Animals to Look Out for When You Visit Australia

Australia has a lot more to offer than beautiful beaches and spirited cities. Its reputation for spectacularly unique wildlife is a well-deserved one and seeing as much of it as you can should always be a priority when you visit the continent.

Did you know that over 80% of Australia’s mammals, plants, and reptiles are exclusive to that country and can’t be found anywhere else in the world?


There are crocodiles all over the country, but especially in Darwin, in the Northern Territory, situated on the Timor Sea.

If you’re looking for a close encounter, head to Crocosaurus Cove to share 15 minutes with a giant reptile in the Cage of Death!


The dingo is the biggest carnivorous mammal in the country and is found everywhere except Tasmania.

It’s a type of wild dog and the best place to spot them is on Fraser Island, off the eastern Queensland coast, in Kimberley in Western Australia, and across the deserts of the Northern Territory and South Australia.


By far the most famous animal to come out of this country, kangaroos are easily found in most of the rural areas in Australia.

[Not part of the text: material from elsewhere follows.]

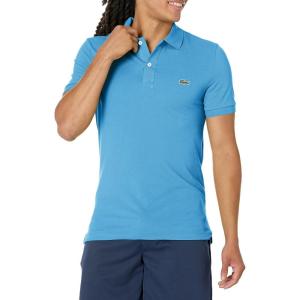 imageLacoste Mens Slim Fit L1212 Short Sleeve Pique Polo ShirtArgentine Blue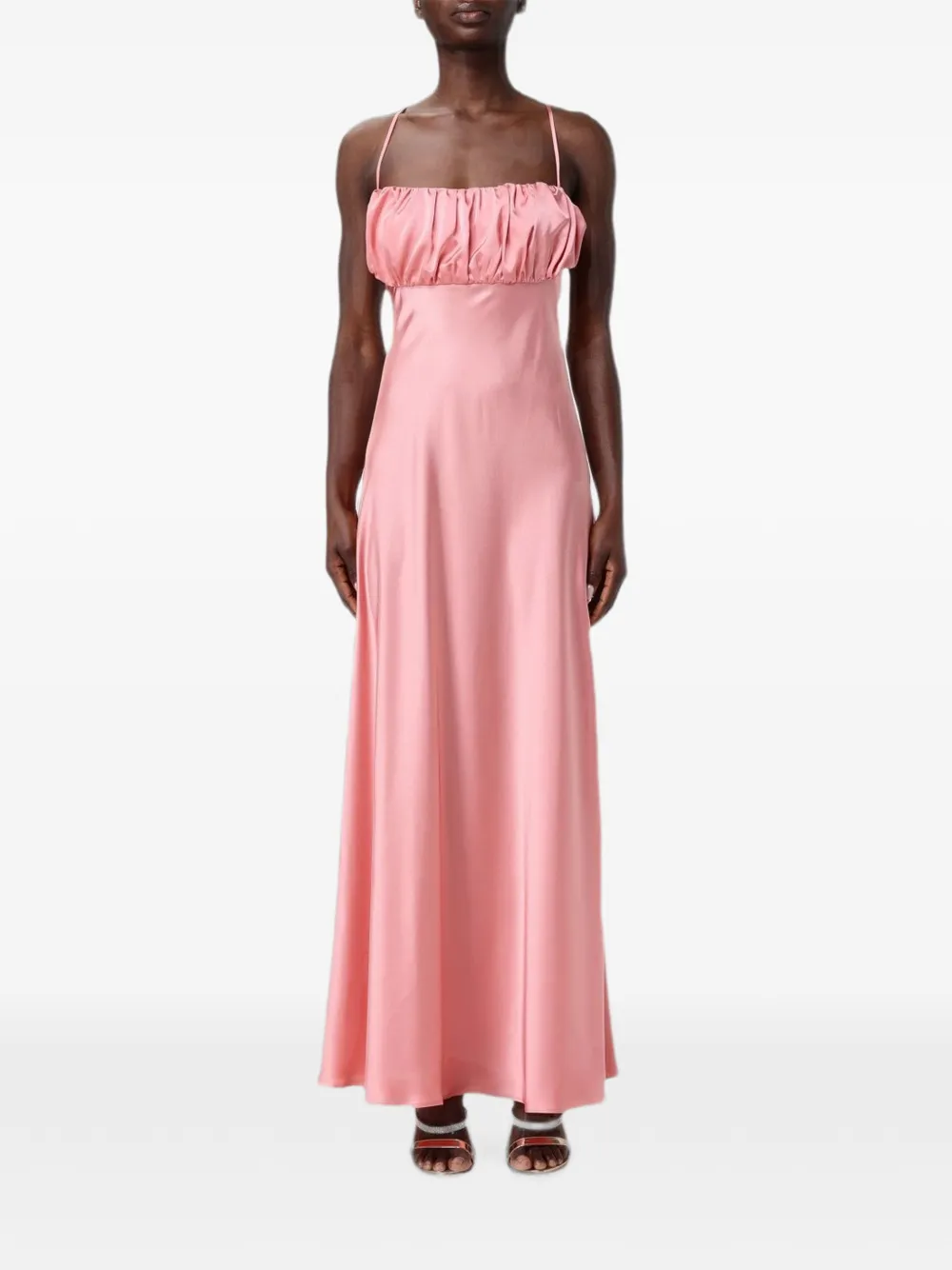 Hanita ruched-bodice satin maxi dress - Rosa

There are also many tours available that will have you picked up from your hotel, escorted out on a sightseeing adventure, and then returned safely afterwards. After sharing your pics on all your social media networks you can relax in comfort and unwind with room service, a hot bath, and the Bingo games for Australians so widely provided for online.


Koalas are just about the cutest animals in the world and their fur is as soft as you could imagine!

Most of the wildlife parks in Australia will let you pet them and you may even be lucky enough to hold one if you do your research properly and head to a sanctuary that allows this.

You’ll also be able to spot them in the wild if your journey takes you along the temperate eastern coast.

Tasmanian Devils

Although there are some Tasmanian devils in wildlife parks, they’re famously elusive and wildly erratic, so the vast majority of these creatures remain in the wild.

They were dubbed Devils by European settlers because of their dark colouring, spine-chilling screams, and terrible temperaments.

Whale Sharks

Swimming with gigantic whale sharks on the Western Australian Coral Coast is the thrill of a lifetime. The best time of the year to do this is between March and July at the Ningaloo Marine Park on a coast certified as a World Heritage Site in the north-west region of Western Australia.

These spectacular creatures are often 18 metres long but, happily, are harmless.


Stout wombats, due to their burrowing natures, can be hard to spot in the wild because they can head underground so quickly. They inhabit extensive subterrestrial systems created by their big front teeth and powerful claws.

Head to the Blue National Park in New South Wales to see them, or go to the Wilsons Promontory in Victoria.